Stroom Quick-Start Tutorial
In this quick-start guide you will learn how to use Stroom to get from this CSV, which looks like this:
id,guid,from_ip,to_ip,application 1,10990cde-1084-4006-aaf3-7fe52b62ce06,188.8.131.52,184.108.40.206,Tres-Zap 2,633aa1a8-04ff-442d-ad9a-03ce9166a63a,220.127.116.11,18.104.22.168,Sub-Ex ...
To this XML:
<?xml version="1.1" encoding="UTF-8"?> <Events xmlns:stroom="stroom" xmlns:xsi="http://www.w3.org/2001/XMLSchema-instance"> <Event> <Id>1</Id> <Guid>10990cde-1084-4006-aaf3-7fe52b62ce06</Guid> <FromIp>22.214.171.124</FromIp> <ToIp>126.96.36.199</ToIp> <Application>Tres-Zap</Application> </Event> <Event> <Id>2</Id> <Guid>633aa1a8-04ff-442d-ad9a-03ce9166a63a</Guid> <FromIp>188.8.131.52</FromIp> <ToIp>184.108.40.206</ToIp> <Application>Sub-Ex</Application> </Event> ...
You will go from a clean vanilla Stroom to having a simple pipeline that takes in CSV data and outputs that data transformed into XML. Stroom is a generic and powerful tool for ingesting and processing data: it's flexible because it's generic so if you do want to start processing data we would recommend you follow this tutorial otherwise you'll find yourself struggling.

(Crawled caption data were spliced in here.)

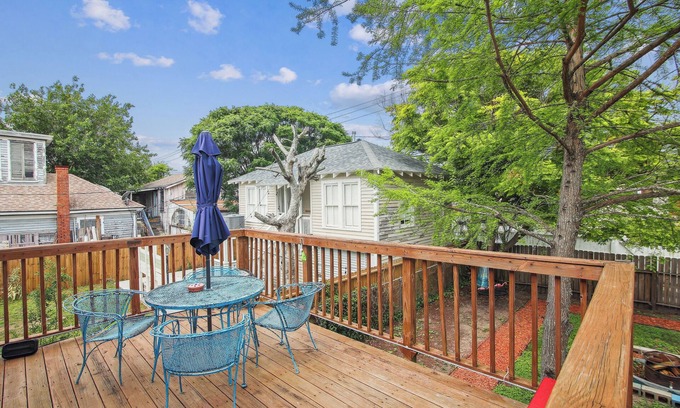 Galveston Cottage | A Bended Oak Bungalow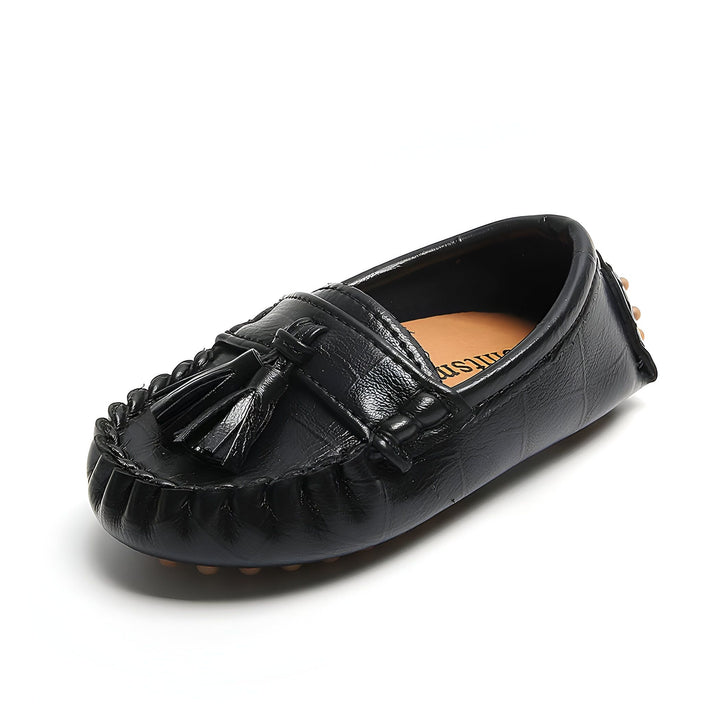 Mocassin noir pour enfant, avec glands décoratifs. Chaussure élégante et confortable pour les petits pieds. Idéal pour les occasions spéciales et le quotidien., 45286869041333,45286869074101,45286869106869,45286869139637,45286869172405,45286869205173,45286869237941,45286869270709,45286869303477,45286869336245,45286869369013,45286869401781,45286869434549,45286869467317,45286869500085,45286869532853,45286869565621,45286869598389,45286869631157,45286869663925,45286869696693,45286869729461,45286869762229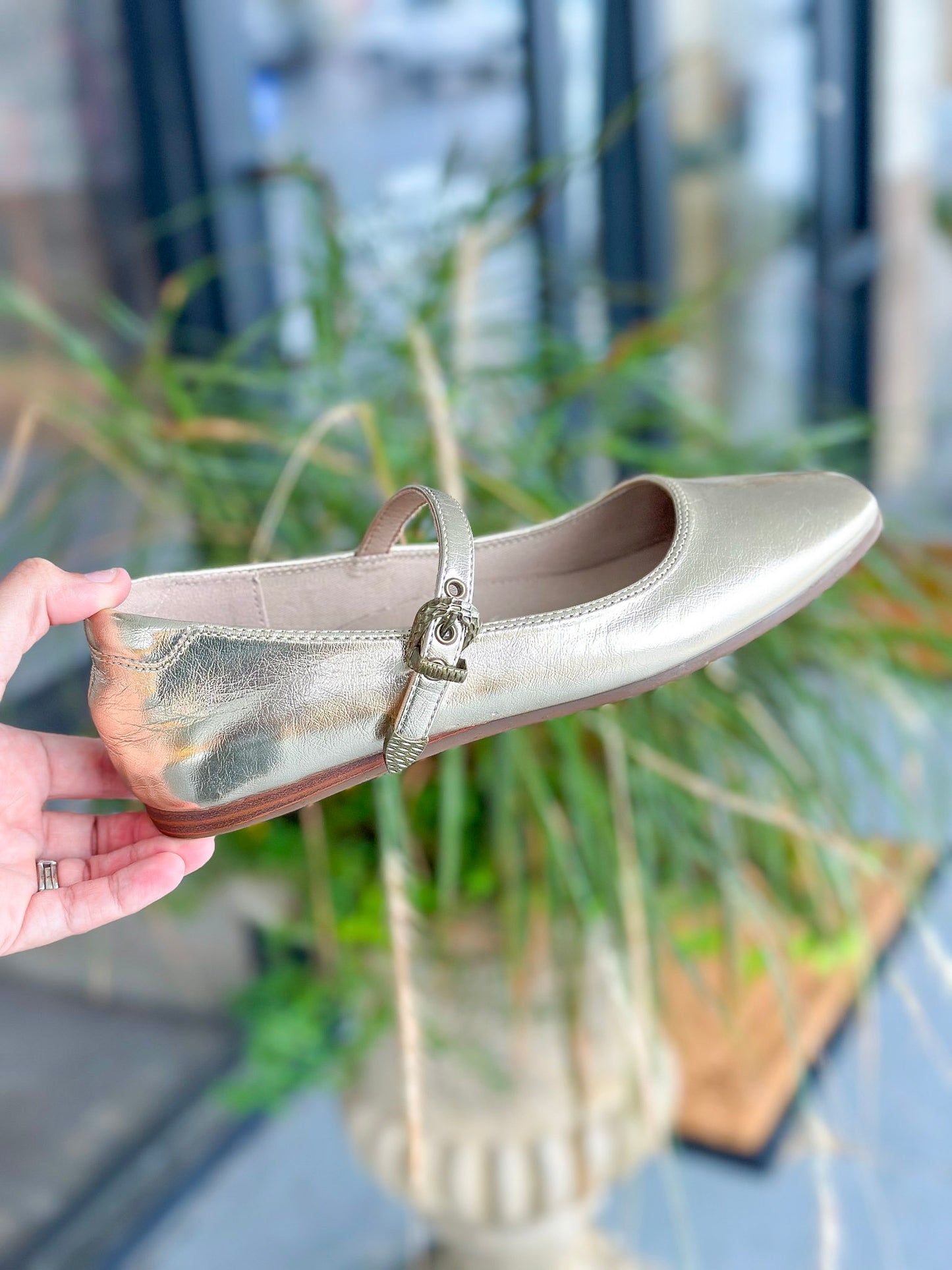 Collin Mary Jane Flat in Gold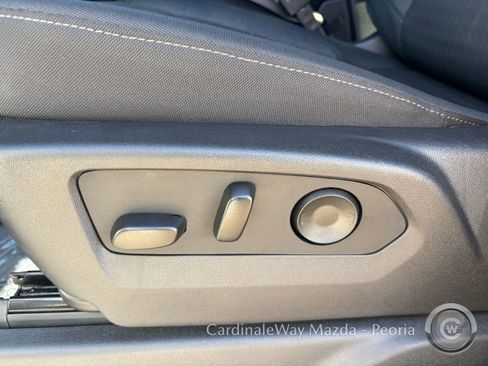 Used 2025 GMC Sierra 1500 SLE image 14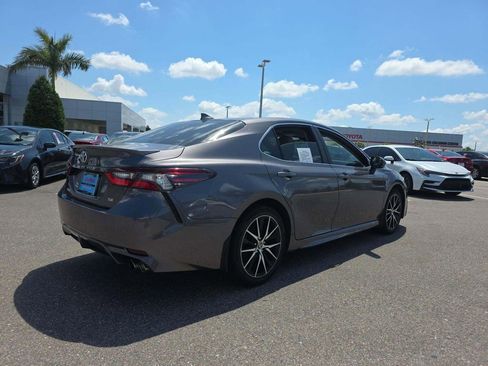 Used 2023 Toyota Camry SE FWD image 5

We're going to do the following:
- Get, configure, and run Stroom
- Get some data into Stroom
- Set up a pipeline to process the data
- Index the data
- Show the data on a dashboard
All the things we create here are available as a content pack, so if you just wanted to see it running you could get there quite easily.
Note: The CSV data used in mock_stroom_data.csv (linked to above) is randomly generated and any association with any real world IP address or name is entirely coincidental.